5. Innovative Siege Tactics: One of the interesting things that happens in the series, not based in real world history mind you, is that the castle of Caterina Sforza is taken when Cesare uses cannons to destroy the ground under a second of wall build atop an old mine. The cannon fire breaks the supports of the mine and gravity takes down the wall allowing the siege to be mopped up quickly. Allowing the players to have unique tactics that should work should be encouraged. In some instances, the Game Master should build should things deliberately into the setting so that there is a way to victory that doesn't necessarily involve 'the hard way'. Another example of this is seen in the anime/manga series Berserk where Griffith lays siege to a caste but that is only a rouse while his forces take the castle under cover of sand storm and open the gates to them.
Such tactics don't necessarily stop with siege warfare though. When Jews coming to Rome, the pope initially wants to tax them for a 'great crusade' against the Turk. The Jews counter offer though with a plan that burns the fleet of ships of the Turks to the oceanline. The careful use of the various Jewish merchants throughout the port cities, supplied with oil allows them access and means to do so.

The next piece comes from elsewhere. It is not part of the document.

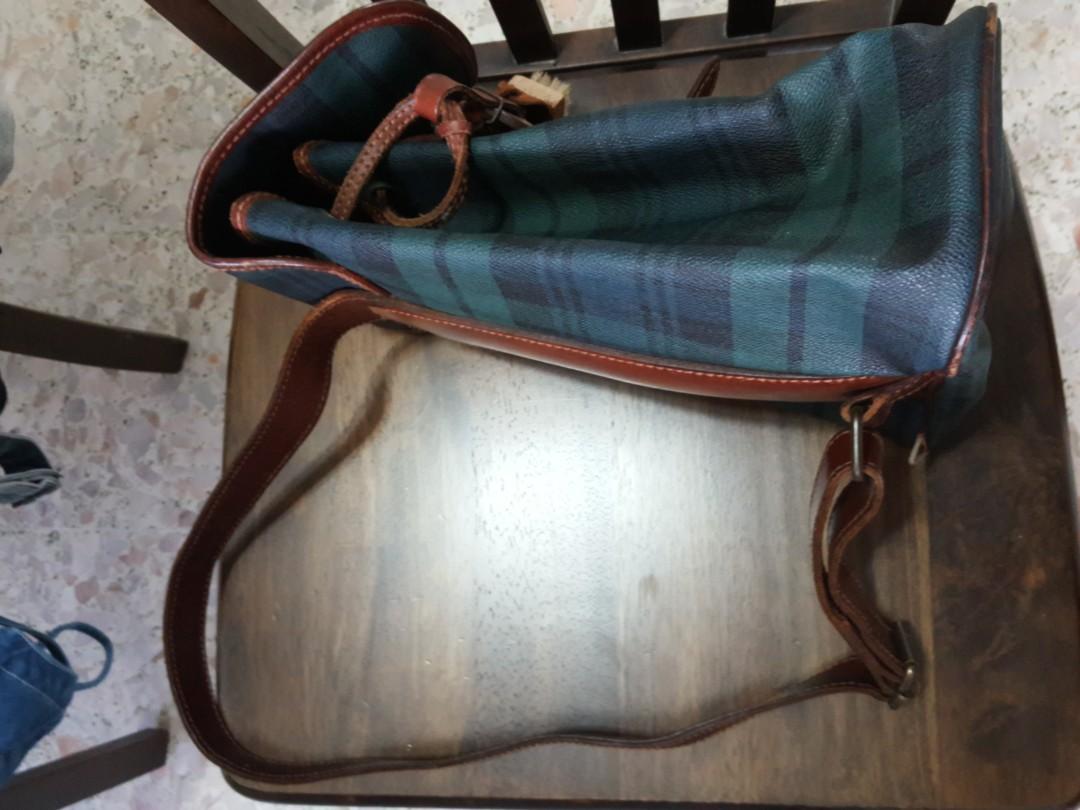 Backpack (Category: Backpacks) located in Singapore. Submitted by eileenlimm (Listing ID 256363669, Image 3). Description: Very unique piece Defect at the back Price is negotiable.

6. Mercenaries: Second sons and bastard sons have a bit of a problem in a feudal or semi-feudal system. The inheritance can only go to one, and usually that's the eldest. So what is a second or third or even bastard son to do? Mercenary work is a good way of advancement. But as some historians note, mercenaries are not necessarily going to fight on a losing side just because they're initially agreed to it, especially if a better offer comes along. Having some sort of system to track a mercenaries 'honor' or 'valor' might be useful for players who want to hire some hirelings from time to time or even full fledged armies. Knowing who to trust though is even better.

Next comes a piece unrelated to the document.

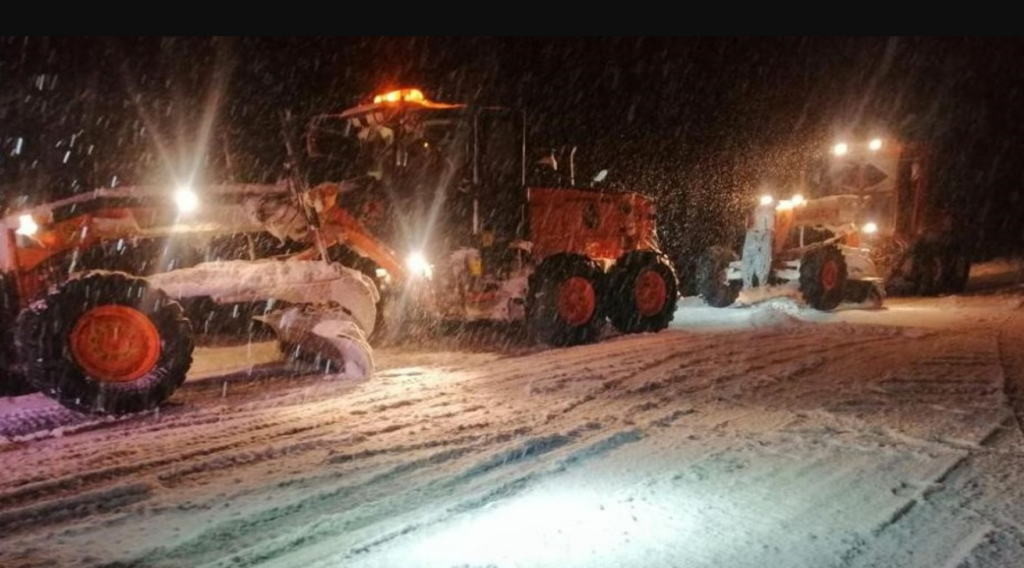 Antalya- Konya Kara Yolu tırların geçişine kapatıldı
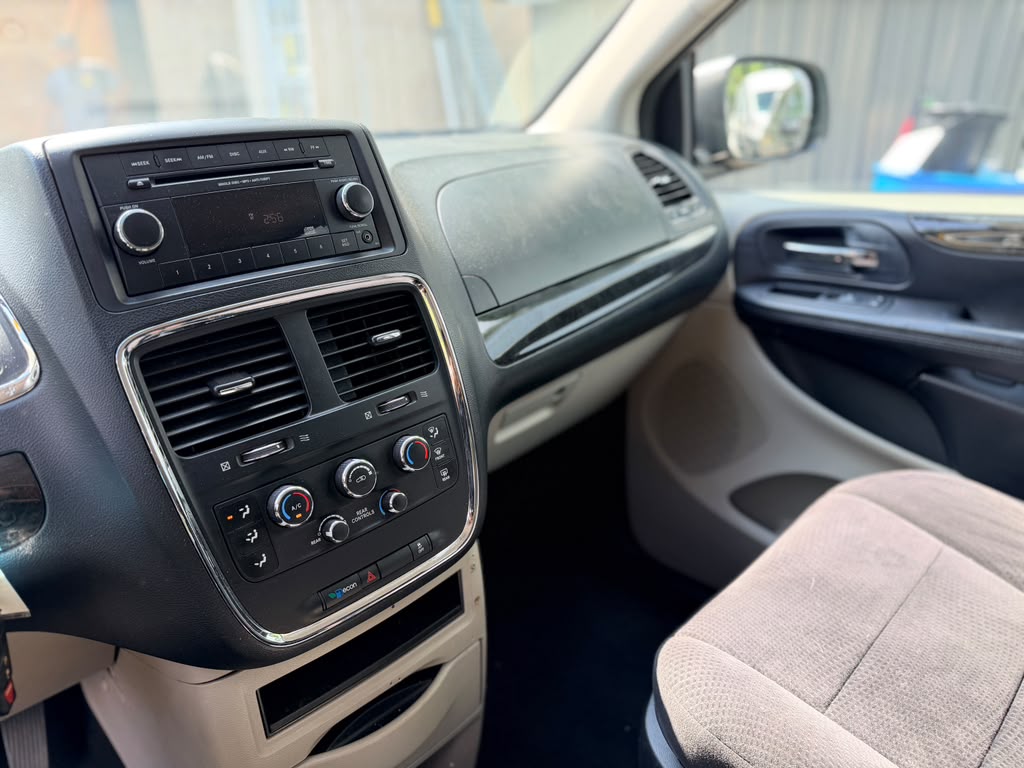 2013 Dodge Grand Caravan SE - Photo 19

7. Unique Supplies: In the dreaded 'real' world, supplies are vital to all sorts of things. When certain parts of the modern world flood for example, some computer components may go up in price because they are outsourced there. In a darker time, when cannons need sulfur, controlling the supply of sulfur allows one to control the flow of war. One cannot make 'easy' war or 'modern' war without cannons and without sulfur, the canons are useless. In your own settings, are there any resources which control of is vital? Which control of may not even be seen as vital because they are from an outside source, but one that might be taken over or outright bought by a single source?
8. Financial Record Keeping: One of the cardinals accused of conspiring against the pope decides, ah what the hell, steals a bunch of land rights and titles, and burns the remaining information on the various wealth and coffers of the Church. Specialists have to be called in whose sole job is to discover the wealth that the Church has access to. Anyone whose read anything about the United States Government knows that often times there are resources unearthed decades after they were needed. If the players ever find themselves working for a government branch, don't be afraid to allow them access to resources that the government didn't even know it had.

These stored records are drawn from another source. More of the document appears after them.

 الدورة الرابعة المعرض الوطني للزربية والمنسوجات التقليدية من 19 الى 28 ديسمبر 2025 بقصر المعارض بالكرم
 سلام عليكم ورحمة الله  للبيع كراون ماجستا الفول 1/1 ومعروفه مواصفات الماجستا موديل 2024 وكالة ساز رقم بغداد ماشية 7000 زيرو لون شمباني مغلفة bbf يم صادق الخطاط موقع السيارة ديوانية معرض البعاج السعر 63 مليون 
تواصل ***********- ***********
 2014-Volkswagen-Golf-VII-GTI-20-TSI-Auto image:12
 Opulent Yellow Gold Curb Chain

For those who've watched other series, like the Tudors, did you find yourself stealing any particular ideas or bits for your own campaigns? For those who've watched the older version of the series, did you find yourself enjoying that one more or less?
For those running historical games, do you tend to stick with the 'real world' history as much as possible or play it fast and lose? One of the things I enjoyed about Mage's Renaissance setting was how open it appeared to be to having various cool things happen in a semi-historical period.